- Directed by: Tay Garnett
- Screenplay by: John Monks, Jr.
- Story by: Houston Branch
- Produced by: Robert Fellows
- Starring: Alan Ladd Dorothy Lamour Robert Preston Lloyd Nolan
- Cinematography: John F. Seitz
- Edited by: Billy Shea George Tomasini
- Music by: Hugo Friedhofer
- Production company: Paramount Pictures
- Distributed by: Paramount Pictures
- Release date: September 26, 1947;
- Running time: 92 minutes
- Country: United States
- Language: English
- Box office: $2,550,000 (US rentals)

= Wild Harvest =

1947 film by Tay Garnett

Wild Harvest is a 1947 American drama film directed by Tay Garnett and starring Alan Ladd, Dorothy Lamour and Robert Preston. It was produced and distributed by Paramount Pictures.

==Plot==
Joe Madigan's crew harvests wheat for farmers. Jim Davis, a good mechanic who irresponsibly drinks and gambles too much, is fired by his friend, but atones with a heroic act during a fire.

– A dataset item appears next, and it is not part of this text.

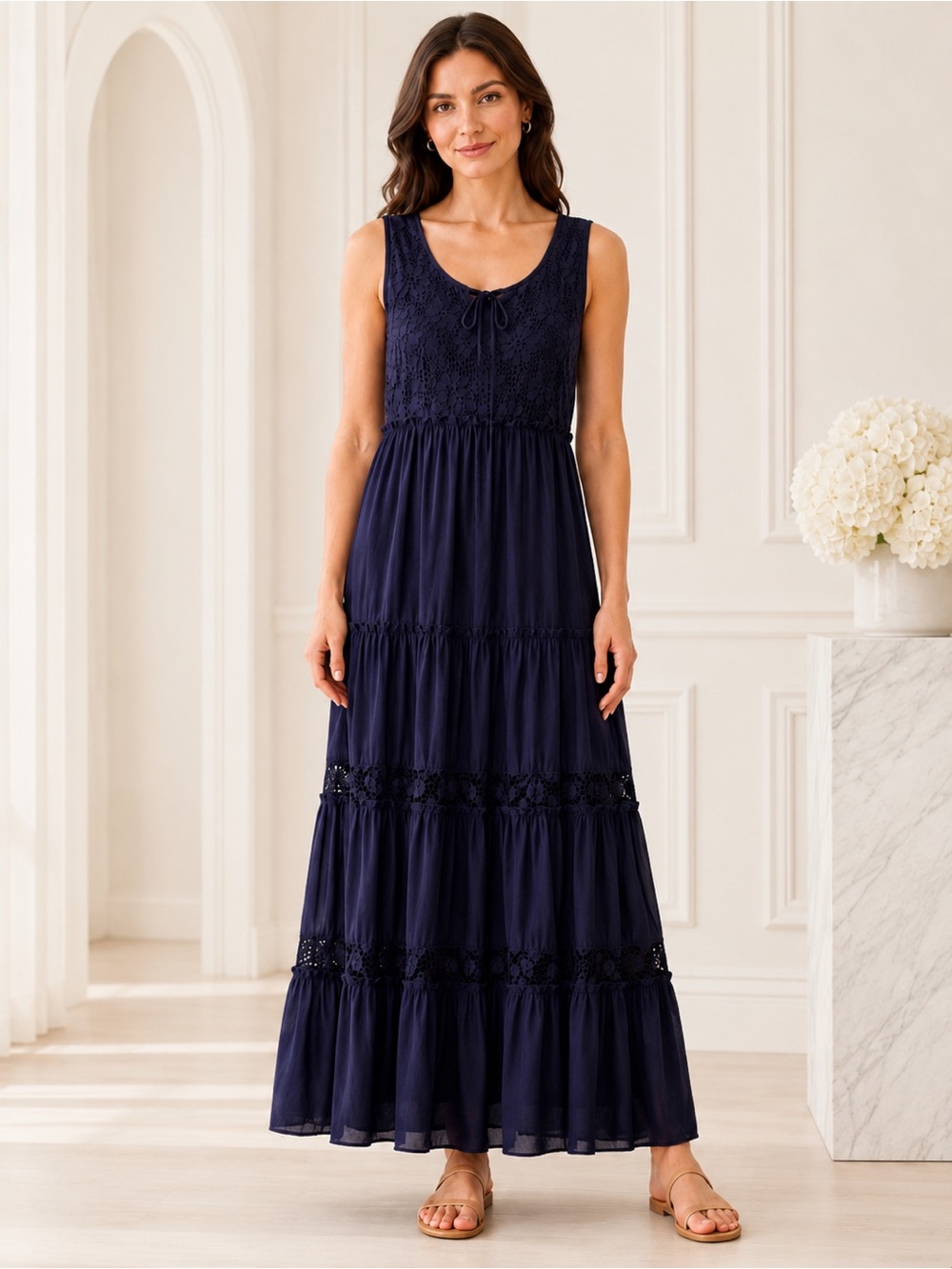 NY Collection Navy Blue Lace Bodice Tiered Maxi Dress Boho NWT Medium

Alperson's rival crew is getting jobs by under-bidding Joe's. A farmer's flirtatious niece, Fay Rankin, finds a field for Joe's workers and then unsuccessfully tries to seduce him. She wants to come along and sets her sights on Jim instead, marrying him.

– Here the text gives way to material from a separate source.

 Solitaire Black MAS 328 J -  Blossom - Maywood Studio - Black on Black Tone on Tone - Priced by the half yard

Fay's interference becomes a problem. Joe ends up owing money and Alperson tries to buy his combines. Fay makes another play for Joe, who calls her "cheap" and "poisonous." Jim catches her slapping Joe, which leads to a fight between the men.

Joe's loyal crew member King catches thievery of wheat by Jim and reports it. Joe, almost broke, is saved again by a penitent Jim, who sells Fay's car, enraging her. Fay finally reveals to Jim that she never loved him at all and that their marriage was a "joke." Joe and Jim team up on a new 3,000-acre job, making them prosperous at last.

==Cast==

- Alan Ladd as Joe Madigan
- Dorothy Lamour as Fay Rankin
- Robert Preston as Jim Davis
- Lloyd Nolan as Kink
- Richard Erdman as Mark Lewis
- Allen Jenkins as Higgins
- Will Wright as Mike Alperson
- Griff Barnett as Rankin
- Anthony Caruso as Pete
- Walter Sande as Long
- Frank Sully as Nick
- Caren Marsh Doll as Natalie

==Production==
The film was based on an original screen story called The Big Haircut by Houston Branch, which focused on wheat harvesters who travel across the country doing their job. "The big haircut" was their slang term for the work they do; the topic was thought to be especially topical because of a worldwide bread shortage at the time. It was bought by Paramount in May 1946 specifically as a vehicle for Alan Ladd. A. I. Bezzerides was hired to work on the script. Tay Garnett signed to direct and Brian Donlevy was originally announced as Ladd's co star. Before a final script and cast had been confirmed, second unit filming commenced in July 1946 at the Russell Giffen ranch, 47 miles north of Fresno in the San Joaquin Valley. Tay Garnett and the film crew shot footage of a real wheat harvest involving 27 combines and Alan Ladd. Female lead Dorothy Lamour was not cast until August. William Demarest also joined in the cast. Eventually Donlevy was replaced by Lloyd Nolan, who was borrowed from 20th Century Fox. Demarest dropped out and Robert Preston was cast as the third lead.

The cast included a 28-year-old Caren Marsh—a bit-part actor who had appeared in a Paramount training film warning military personnel against the dangers of women. So many navy and army men wrote in asking for Marsh's picture that Paramount signed her to a long-term contract; Wild Harvest was her first appearance.

Filming was meant to start on 2 September 1946 but was postponed a day so Alan Ladd could enjoy his birthday. Filming did not finish until November 1946, ten days behind schedule, causing production of Ladd's next film, Saigon, to be postponed.

The film was retitled Wild Harvest in December.

The wheat field fire was filmed in part by using miniatures and special effects. These were overseen by Byron Haskin, his last assignment in that capacity for Paramount before he became a director.